Global Communities works with the Hariri Foundation, which opened its doors in 1992, to grow many commercial varieties of avocados, tomatoes, cucumbers and olives in specially designed greenhouses near Beirut. The 1,000-metre greenhouses are fully equipped with ripening stations and high-tech equipment like fans to offset humidity, and newer fertilization methods. Global Communities started out in 2003 with 5,000 square metres of greenhouse, and today they have 15,000 square metres in in greenhouse and land.
As part of CEDARS+, the Hariri Foundation plants and grows various seedlings with more than 400 farmers throughout Lebanon; after they develop to the grafting stage, the plants are handed over to local farmers to complete the growing process and then introduce them to the commercial market.
Previous efforts to grow large-scale crops did not succeed since farmers did not have the knowledge and experience to manage a project like this.

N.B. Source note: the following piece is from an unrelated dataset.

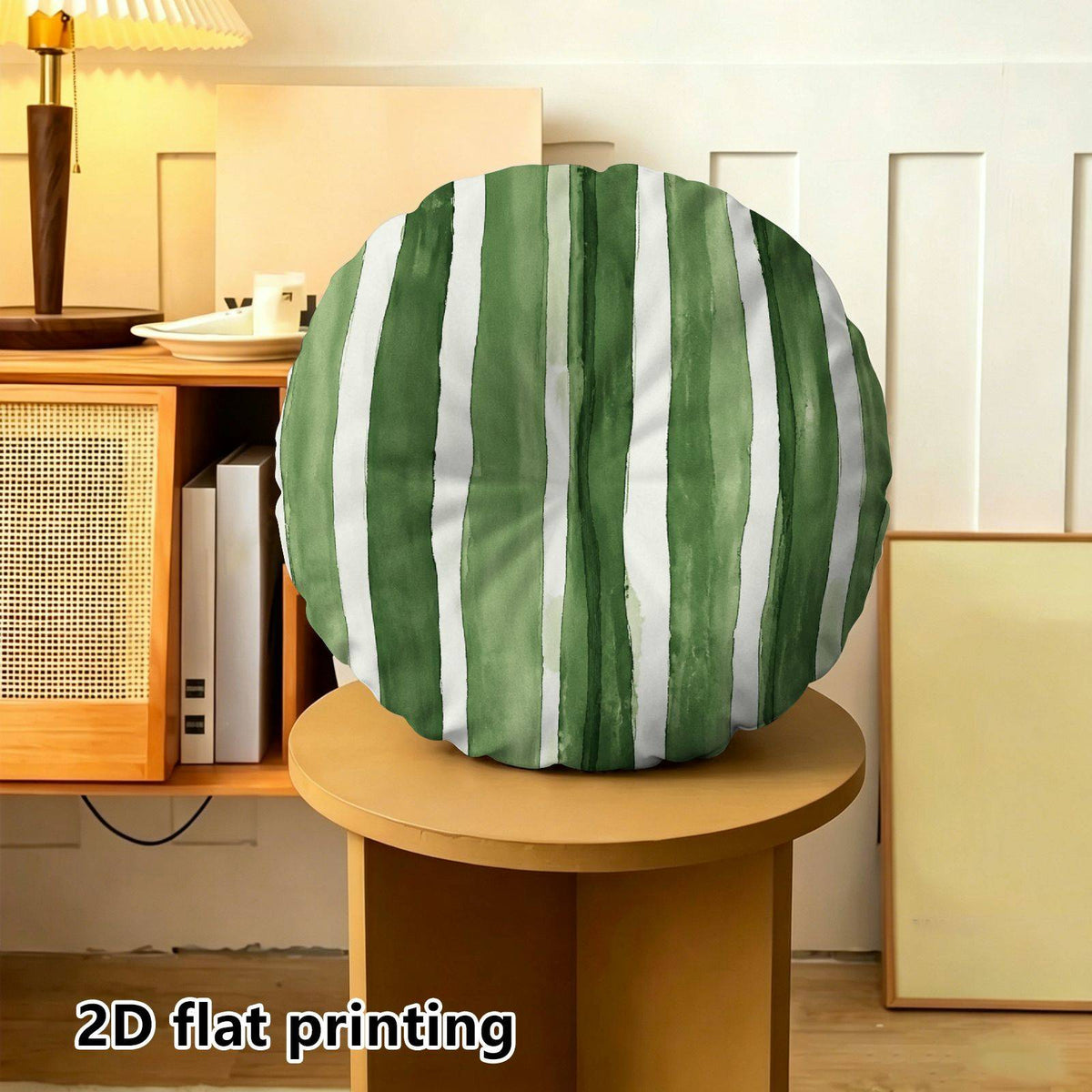 Coussin de chaise rond rayé vert, Ø 40 cm sur 10 cm d'épaisseur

Farmers would work in isolation in their own orchards, without the benefit of collaboration with others in the farming business. But Global Communities enlisted the help of agricultural experts from the U.S. They offered expertise on farming practices on shared plantations, irrigation, fertilization, increasing overall production at lower cost, and growing and selling healthy crops most effectively.
Investing in modern greenhouses is more economical, provides better ventilation and therefore fewer fungicides, higher ceilings (which allow taller, more ample plants), better lighting and therefore better quality. Previously, a lack of ventilation in the winter killed most crops. But now, in addition to better air circulation, the greenhouses allow year-round planting and growing, and farmers are able to provide crops that are in high demand, depending on the season. The result is doubled production and double the profit.
The approach to getting farmers on board with greenhouses required proof of quality, sustainability and affordability; and free consultations to create awareness of the benefits of greenhouses. “Farmers always requires something proven – they will not just look at a study,” says Ibrahim Hariri. Encouraging them to improve their businesses by investing in them takes time, patience and a promising outcome. While it took some farmers more convincing than others, the relationships we have built with them over the years have strengthened their trust in our projects, and this project only enhanced those relationships further. Global Communities has also been proactive about partnering with other NGOs in the area to supplement other approaches and ensure that the farmers are fully supported. Additional training labs and more advanced approaches are already being developed for the farming communities.
Hariri keeps a constant eye on the market and on how he can work with farmers to offer the best of what people want. For example, he saw that fruit was oversaturating the market. At the same time, farmers were not growing avocados because the Lebanon climate was too cold. But the high-tech greenhouse provided a way to grow and market them successfully. “We are sustainable now. This project has been copied more than 100 times, and it benefits this community and this economy. The Foundation is here to serve everyone – you forget about politics and religion,” says Hariri, noting that the usual divides these issues cause in the region.